— Data block —
----------------------------------------
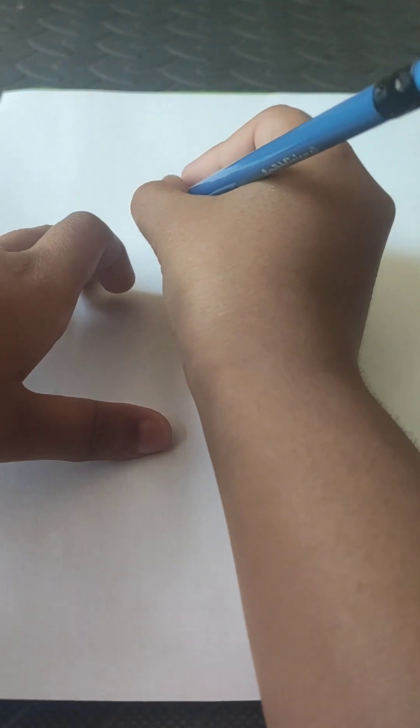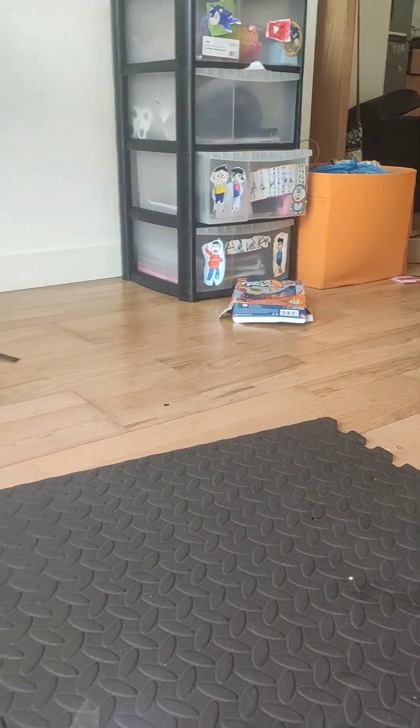Hello guys, today we are going to be drawing Doremi from Doraemon. Let's get started! First, draw a straight line. I'm gonna make this small because I needed to put on my wardrobe here, but yeah, draw a straight line.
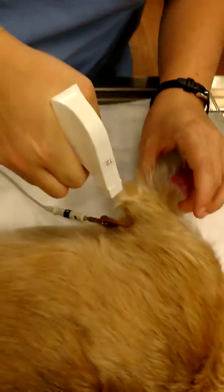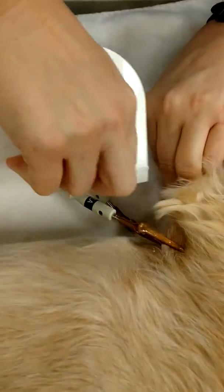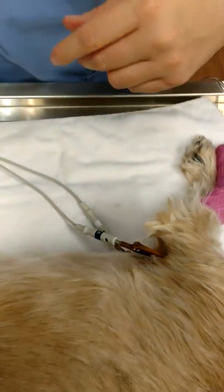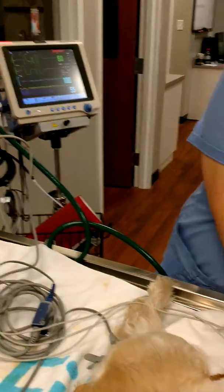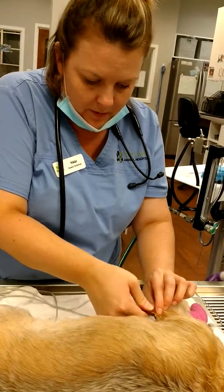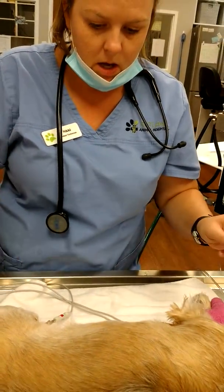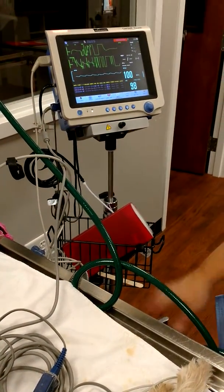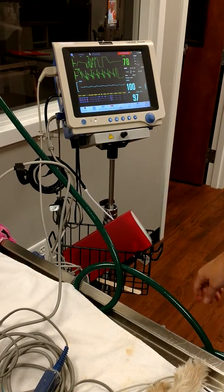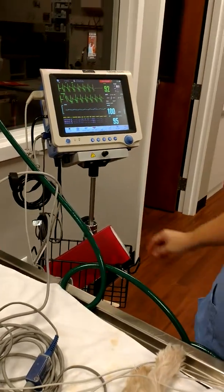So we put them on, and then we're going to apply alcohol to make sure there's good contact between the clamps and the skin. Sometimes you can readjust them. This Cardell tends to double count if you're up against any body wall. So if it's doing funky things like that, they just may need to be adjusted or sometimes they just need a second to read. There we go — we're getting normal electrical activity.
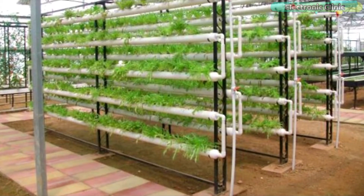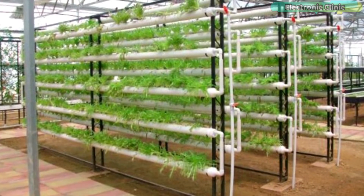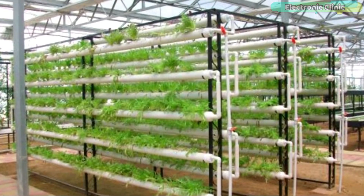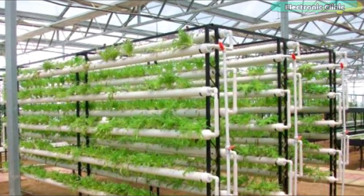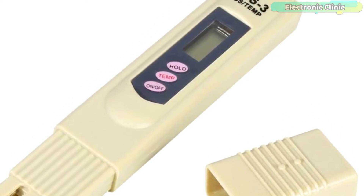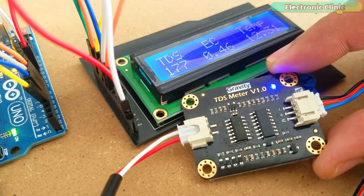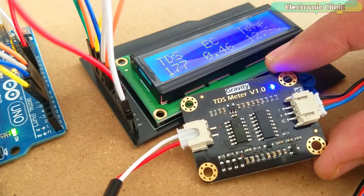You can also use a TDS pin which is quite cheap for measuring the TDS value. But if you are planning to make a hydroponic system which maintains a certain pH level, then the TDS pin will never work. For hydroponic systems, you will need an automatic system which can turn on and turn off other electrical devices. Moreover, you cannot use this TDS pin in IoT-based projects. But this TDS meter by DF Robot can be used in automatic hydroponic and IoT-based water quality metering systems.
----------------------------------------
— Work item —
Repeat the lines above precisely and skip every picture.

— Response box —
Hello guys, today we are going to be drawing Doremi from Doraemon. Let's get started! First, draw a straight line. I'm gonna make this small because I needed to put on my wardrobe here, but yeah, draw a straight line.
So we put them on, and then we're going to apply alcohol to make sure there's good contact between the clamps and the skin. Sometimes you can readjust them. This Cardell tends to double count if you're up against any body wall. So if it's doing funky things like that, they just may need to be adjusted or sometimes they just need a second to read. There we go — we're getting normal electrical activity.
You can also use a TDS pin which is quite cheap for measuring the TDS value. But if you are planning to make a hydroponic system which maintains a certain pH level, then the TDS pin will never work. For hydroponic systems, you will need an automatic system which can turn on and turn off other electrical devices. Moreover, you cannot use this TDS pin in IoT-based projects. But this TDS meter by DF Robot can be used in automatic hydroponic and IoT-based water quality metering systems.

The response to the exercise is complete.